And within countries, vulnerable groups such as minorities, including the Roma, people living with disabilities, migrants and refugees, and LGBTQI persons and a range of key populations still face significant barriers to sexual and reproductive health.

Several participants also raised concerns over the emergence of regressive laws and policies threatening to undermine gender equality and sexual and reproductive health and rights, and over the shrinking space for civil society.

There were powerful calls throughout the conference for ensuring all young people are able to receive comprehensive sexuality education, in line with international technical guidance.

As gender inequalities persist in all spheres of public and private life across the region, participants called for greater efforts to speed up progress towards gender equality.

Speakers mentioned inequalities in workforce participation, earnings, access to leadership positions, and work-family balance as key areas requiring attention. They also urged progress on eradicating gender-based violence and harmful practice such as child marriage and gender-biased sex selection.

Several speakers stressed the importance of gender equality for addressing the population challenges the region is facing.
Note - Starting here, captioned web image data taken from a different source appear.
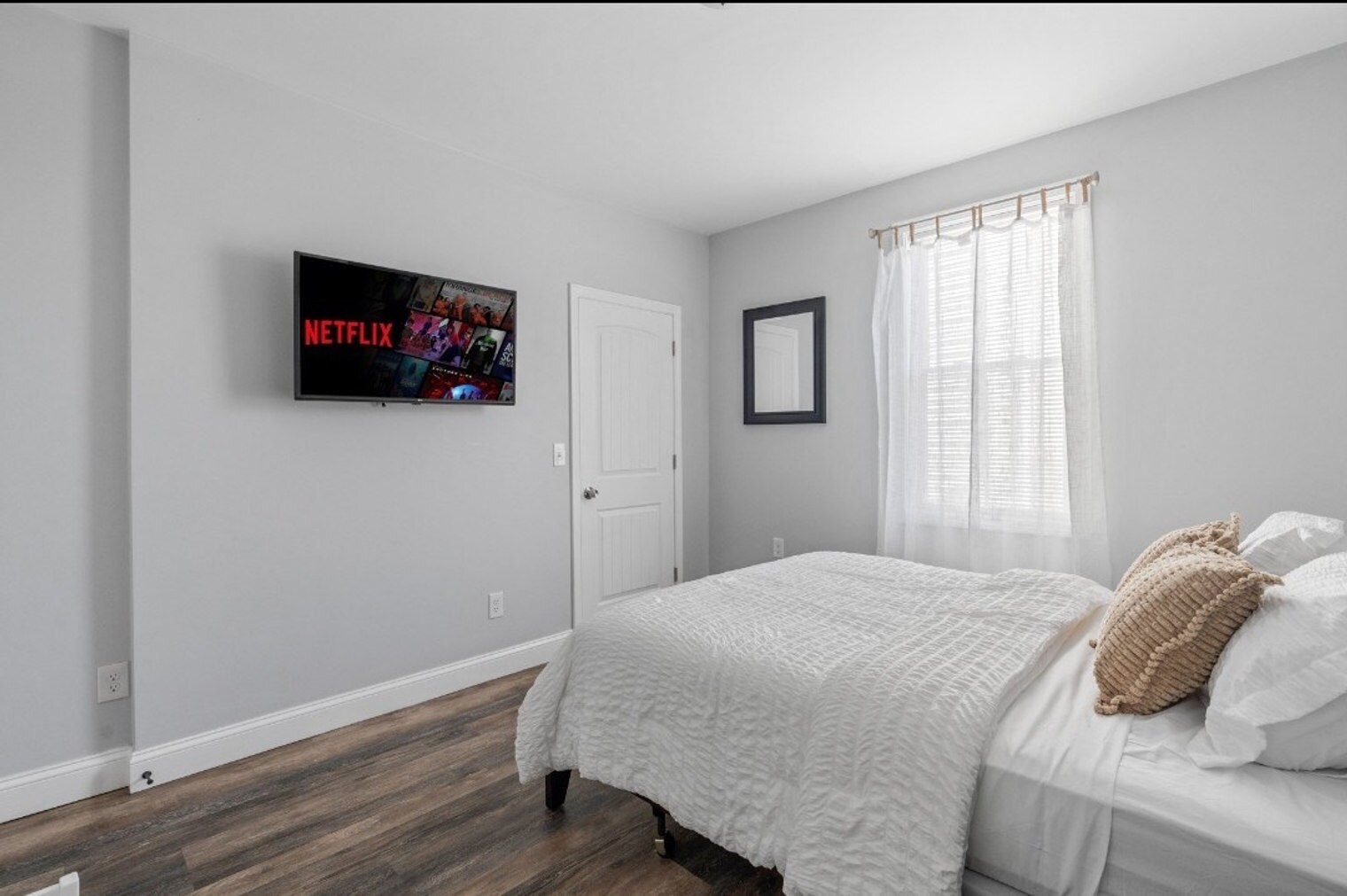 Building Photo - 346 Admiral St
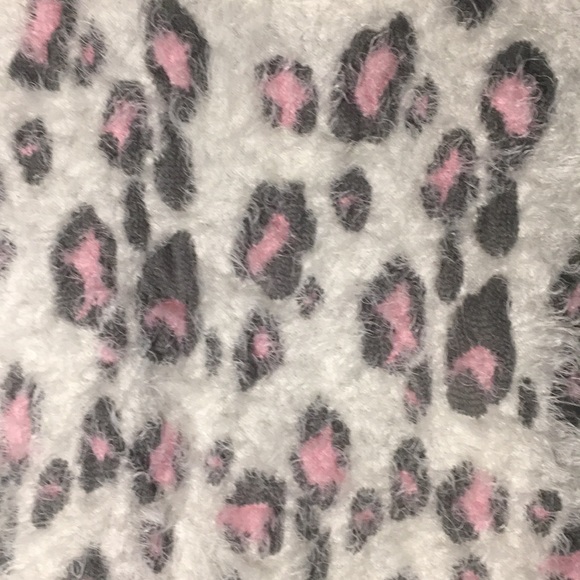Circle animal print fuzzy sweater - Picture 2 of 4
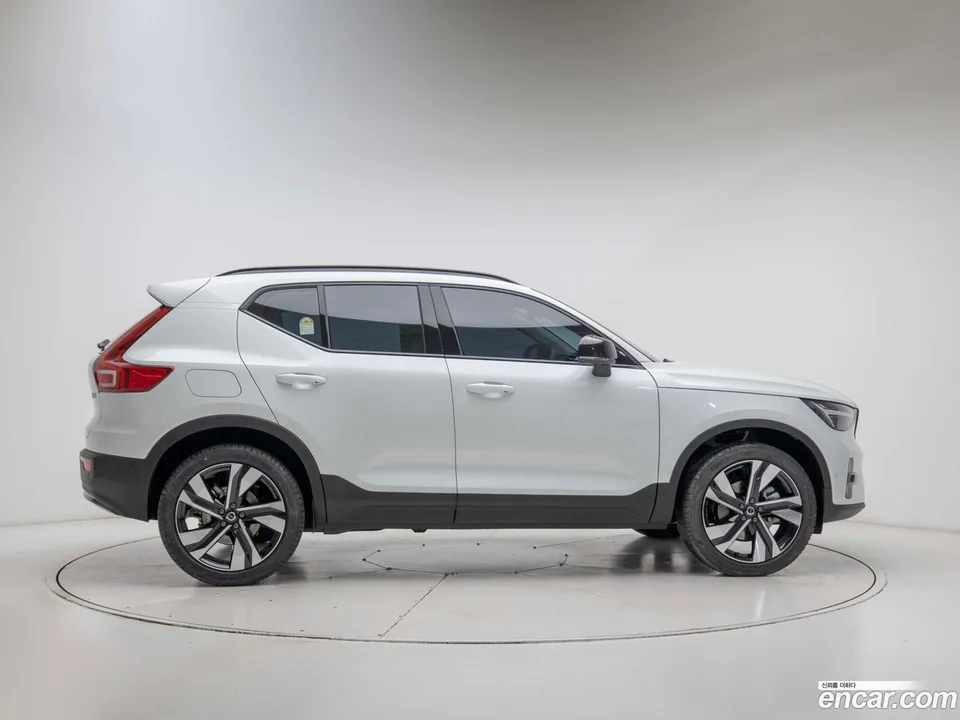 Volvo XC40 B4 2025 — миниатюра 3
A more equal distribution of childcare and household duties between men and women, for example, was mentioned among the factors contributing to an environment in which people feel confident to realize their fertility intentions.

Participants welcomed the report “Fulfilling the Potential of Present and Future Generations,” which gives an overview of major trends in the region, and they expressed support for a new regional Monitoring Framework designed to track progress in implementing the ICPD Programme of Action and the SDGs (read more).

The regional review report, together with the report of the proceedings of the conference and the rapporteur’s summary, will be transmitted to the UN Commission on Population and Development as the region’s contribution to the full review of ICPD+25 in 2019, and will also inform the Regional Forum on Sustainable Development in 2019.